Monday, Feb. 20, 1928

Pan-Americana

The Sixth Pan-American Conference at Havana (TIME, Jan. 16 et seq.) transferred most of its business, last week, from open and public committees to closed and secret subcommittees. With the consequent choking off of oratory, there ensued a modest modicum of progress: P: The text of a Pan-American Aviation Treaty was drafted. A vital clause confirms to the U. S. a right to make treaties with the Republic of Panama in such fashion as to exclude foreign air snoopers from the vicinity of the Canal. The treaty as a whole sponsors the "establishment and operation of practicable inter-American aerial lines and terminals."

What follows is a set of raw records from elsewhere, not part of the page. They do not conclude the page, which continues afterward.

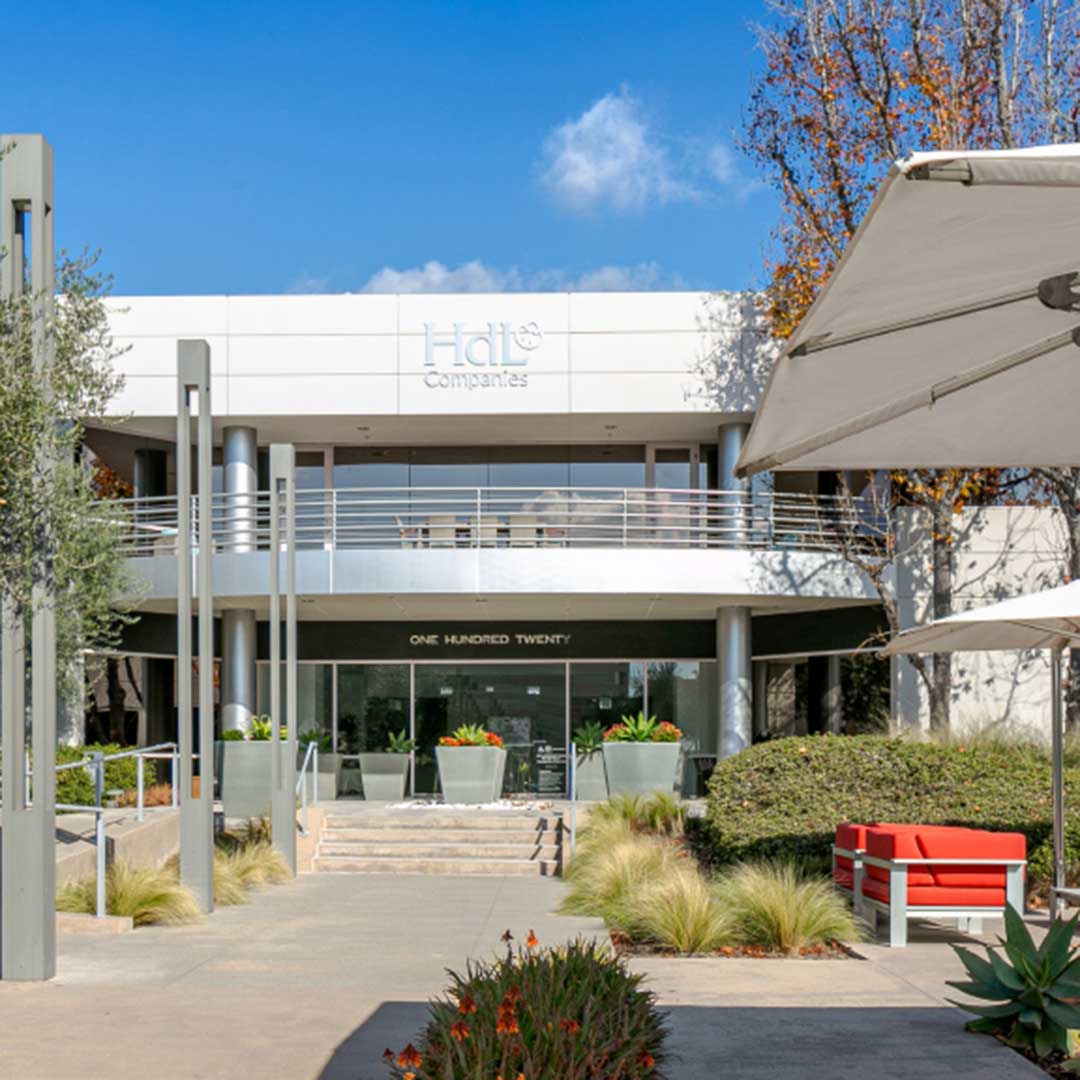 HdL Companies office building with white facade, glass entrance, planters, and landscaped walkway under blue sky.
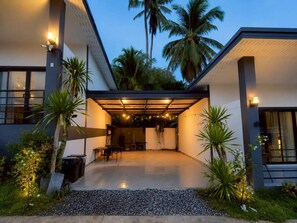 A modern house with a covered patio, palm trees, and a gravel driveway.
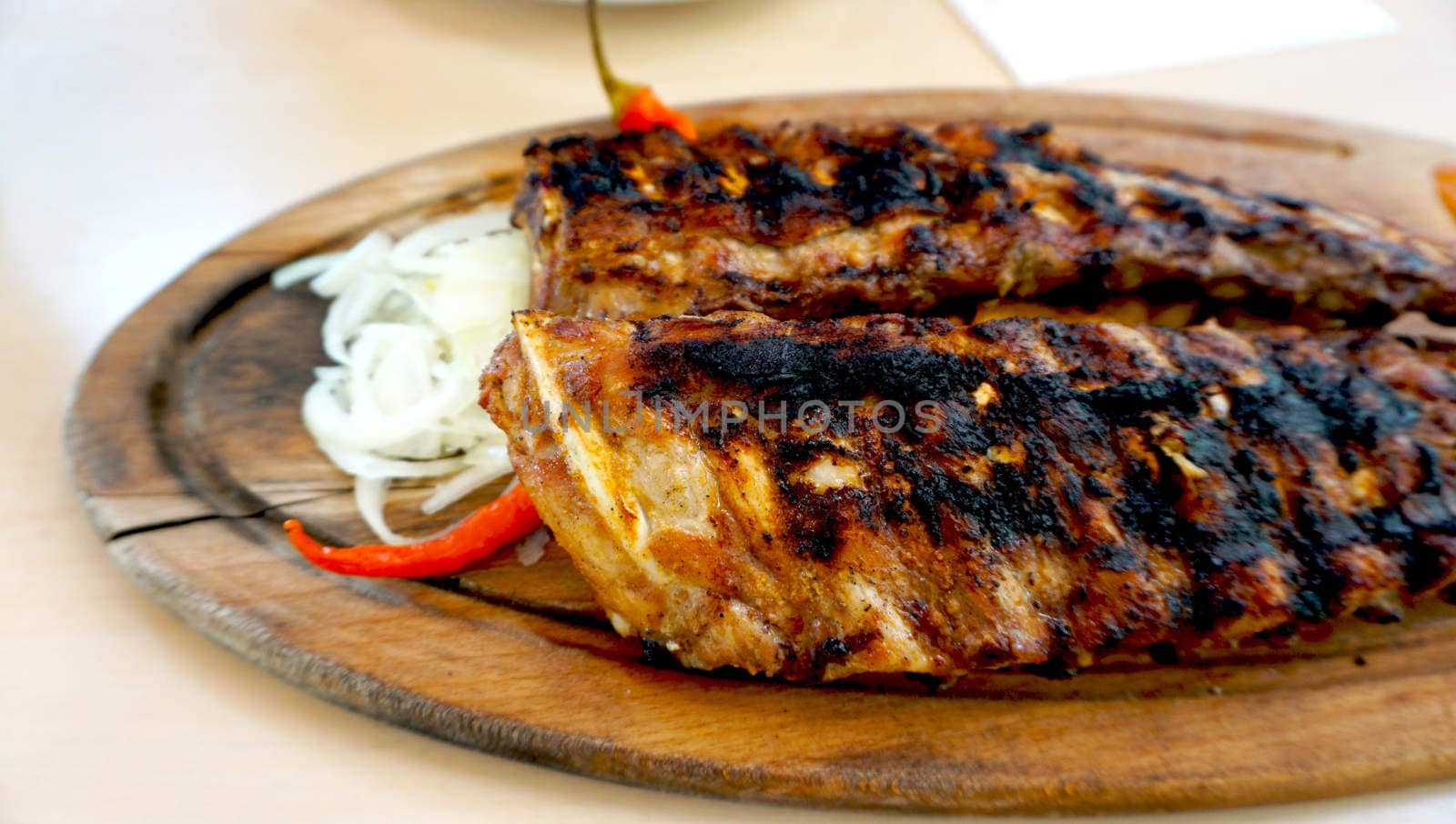 spare ribs in wooden plate with vegetables by polarbearstudio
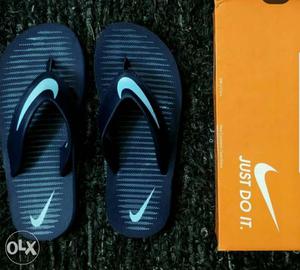 Pair Of Black-and-white Striped Nike Flip Flops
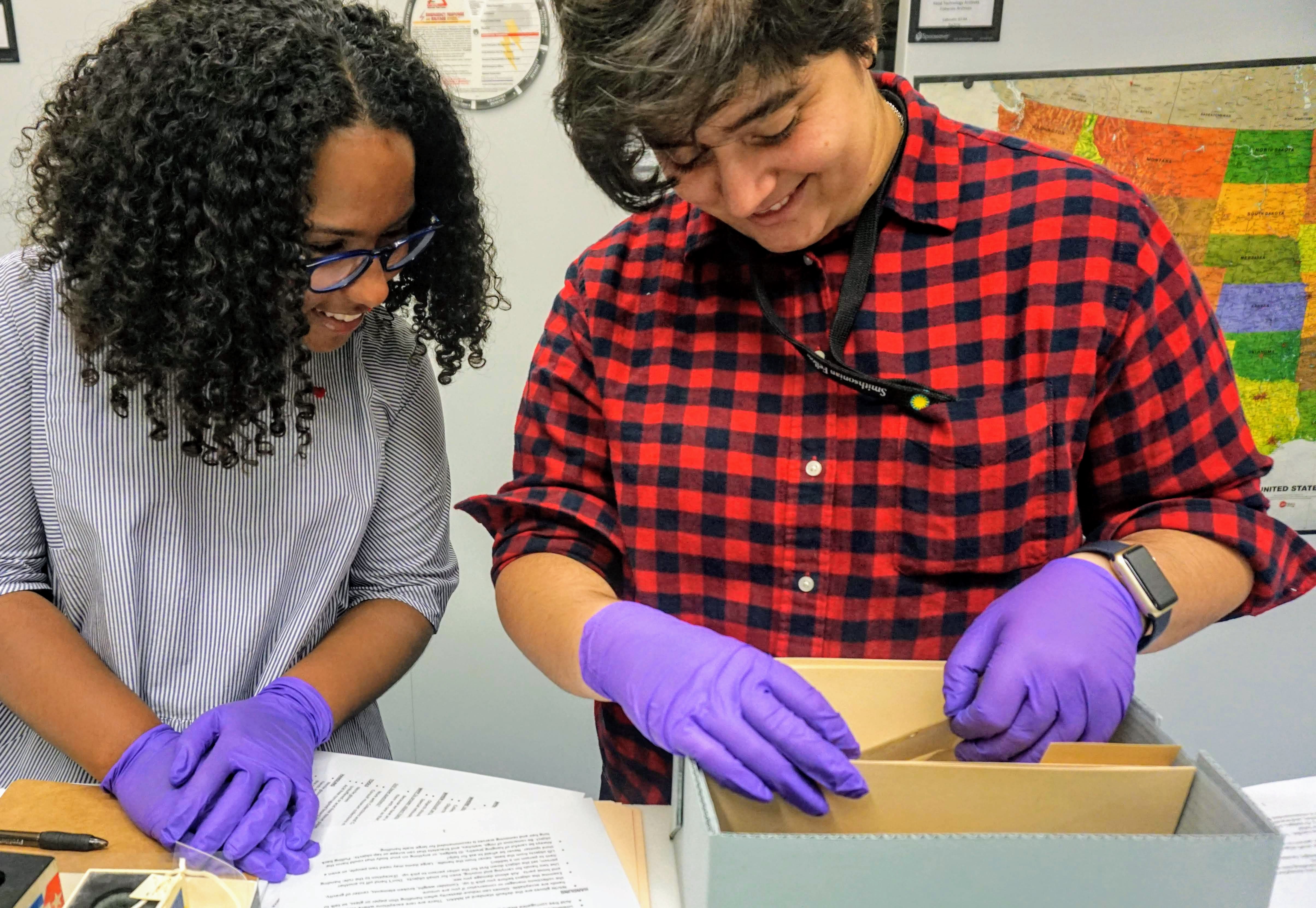 Deux jeunes adultes sourient en regardant dans une boîte d'archives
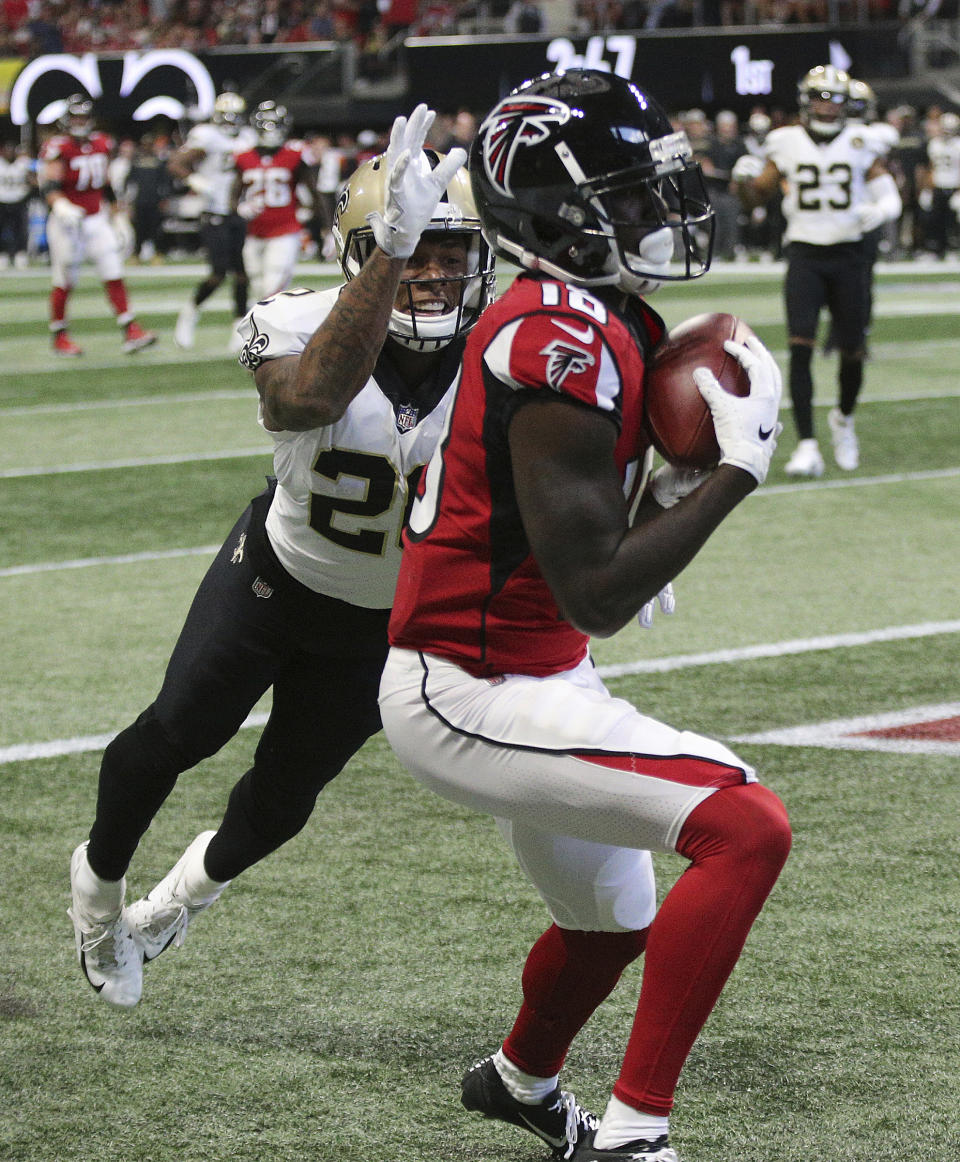 Atlanta Falcons wide receiver Calvin Ridley catches a touchdown pass past New Orleans Saints cornerback P.J. Williams during the first quarter of an NFL football game Sunday, Sept 23, 2018, in Atlanta. (Curtis Compton/Atlanta Journal-Constitution via AP)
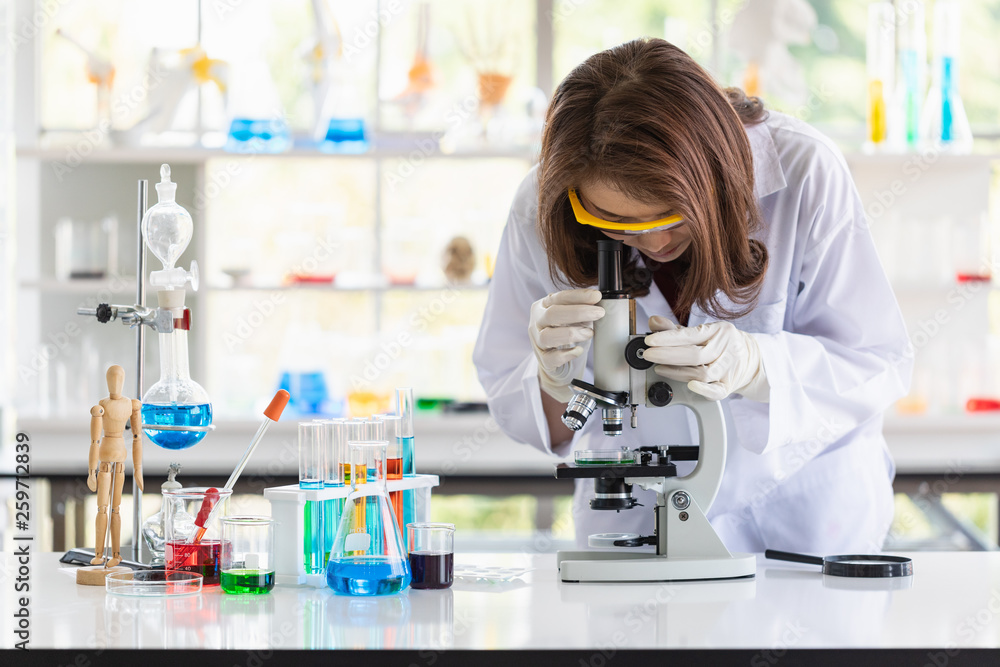 Scientist look through microscope for experiment.. Scientist look through microscope for experiment..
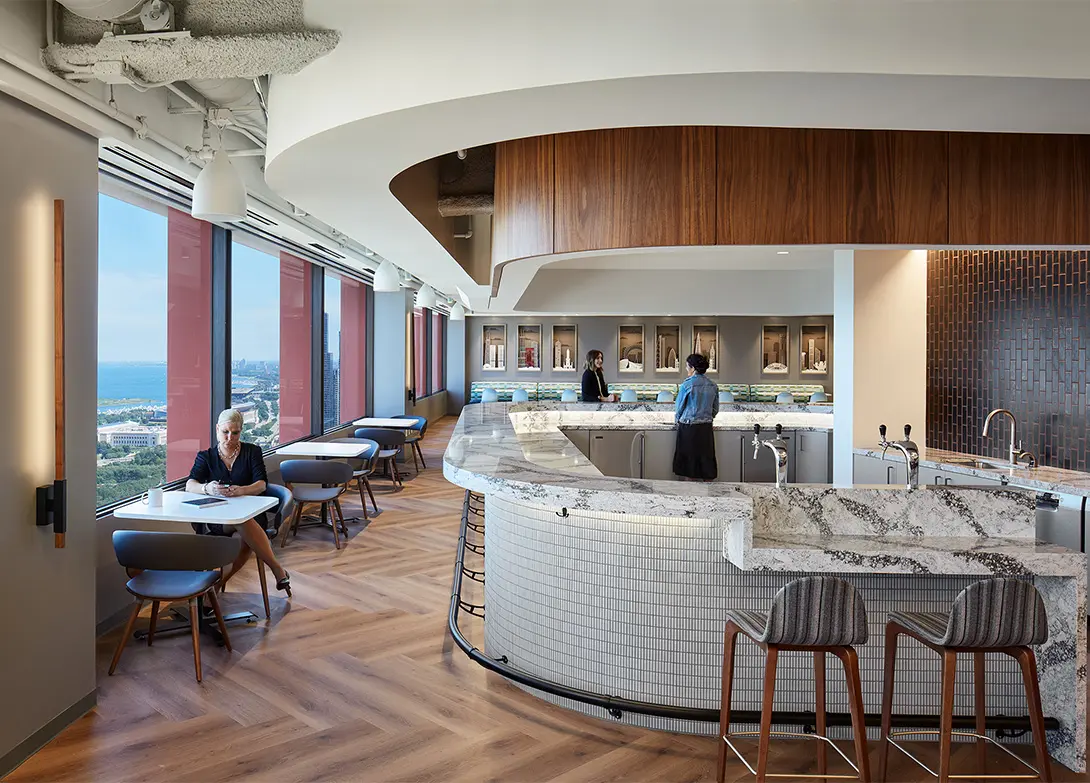 Modern office kitchen with a sweeping city view, featuring elegant furniture and a cozy seating area.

In order to jam through the Canal protecting clause, U. S. Delegate Henry Prather Fletcher (also U. S. Ambassador to Italy) was obliged to declare roundly:

"We make no secret of our desire to control the Panama Canal in inter-American relations. The United States does not want a provision that might jeopardize our communications, east, west, north, south, in any attack from the air." P: The ambitious project of founding a "Pan-American League of Nations" by endowing the Pan-American Union- with political powers was sacked in subcommittee and finally in committee by an adverse vote in the ratio of two to one. P: The Conference solemnly and gallantly assembled to hear speeches in behalf of Pan-American womanhood.

Spoke "Miss" Doris Stevens, wedded wife of international divorce lawyer Dudley Field Malone. Keynoting for many a woman-group, she said:

"Men cannot feel as we do. . . . Since the beginning of time men with the best intentions have been writing laws for our good. Since the beginning of time brave and valiant women have been abolishing these same laws. . . ." P: Throughout the week Chief U. S. Delegate Charles Evans Hughes labored manfully in subcommittee to prevent the drafting into a code of Pan-American International Law of any clause which would tend to prevent the U. S. from intervening in Latin American countries.

*The permanent bureau or secretariat in Washington of the Pan-American Conference.